Here are 5 key points to consider considering Brazilian M&As, to help founders get organized before going to market:

1. Asset Separation: Confusion between the founders’ personal assets and those of the companies is common in Brazil. Vehicles, real estate, and even machinery may require reorganization. Conducting a partial spin-off to regularize these assets is one of the most efficient and cost-effective alternatives, ensuring that the assets are properly separated and clear to potential buyers. 

2. Tax Assessment: An analysis of the tax impacts of the sale is necessary, as the capital gains from this transaction can have significant implications for Brazilian founders. Reassessing shares in advance and considering the creation of new corporate structures are fundamental strategies for minimizing tax burdens, thus ensuring a more profitable transaction.

3. Cap Table Organization: Investors tend to be cautious about companies with widely dispersed share capital. The existence of many shareholders, especially with small stakes, can even negatively impact valuation. Reviewing the cap table structure, including any stakes granted throug hincentive plans, can be complex and exhaustive, but it is a crucial step to ensure attractiveness in the sale process and optimize financial results. A reduced cap table with aligned shareholders (including the company having a shareholders’ agreement) is one of the main steps to the success of a liquidity event. 

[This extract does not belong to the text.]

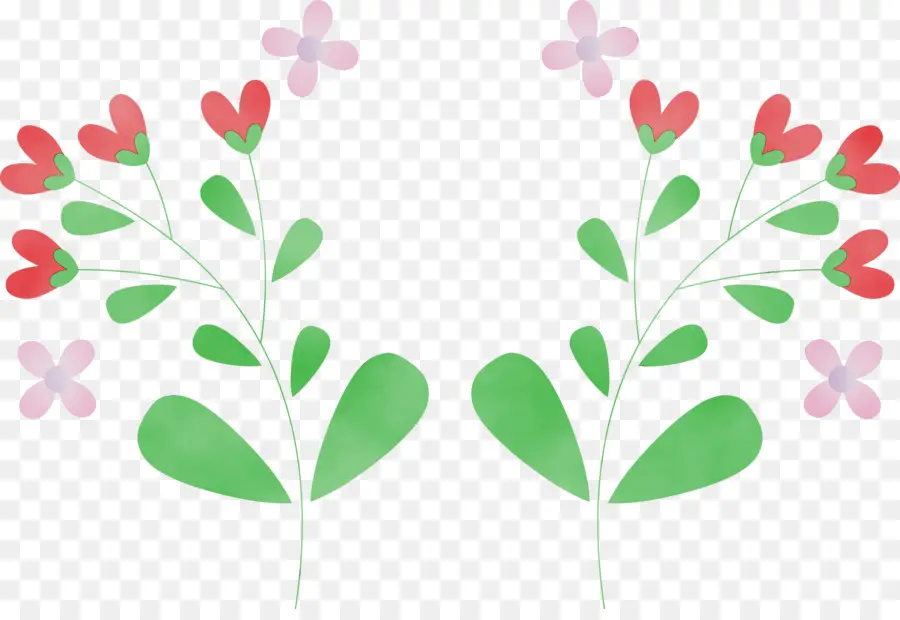 Bitki Kök，çiçek Tasarımı PNG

4. Intellectual Property: When intellectual property registrations are in the name of individual founders, which is common in Brazil, this can complicate the sale process. Reviewing these registrations and including them in M&A negotiations is essential to ensure a smooth transaction and maximize the value perceived by the buyer.

5. Technology Licenses: Having robust contracts for the technologies used by the company is another point that the buyer will check, especially when we talk about businesses with a technological focus. It’s important to ensure the continuity of the license so that the business continues without impact.

6. Contracting Methods: This point is essential in Brazilian business, as it can generate significant liabilities, which are one of the biggest causes of price discounts. Understanding which relationships can be outsourced and which require employment contracts is part of this analysis.

7. Clear Assignment of Roles and Competencies: In a sale process, it is crucial that the company’s governance structure is well defined. Investors value organizations in which each area and leadership has clearly assigned roles, scope, and responsibilities. This clarity avoids overlaps, increases operational efficiency, and provides confidence in the team’s continuity and ability to execute after the transaction.

To operationalize these points, it is essential to evaluate the Brazilian company from a multidisciplinary perspective. This not only anticipates potential issues in the buyer’s due diligence but also protects the value of the shares to be sold, facilitating a faster and more efficient completion of the sale process.

As can be seen, in Brazil the company needs maturity in its management so that a liquidity event can occur quickly, safely, and profitably. This is why strategic governance planning in business management is essential for this process. Founders need to map and understand their company’s weaknesses before any sale move.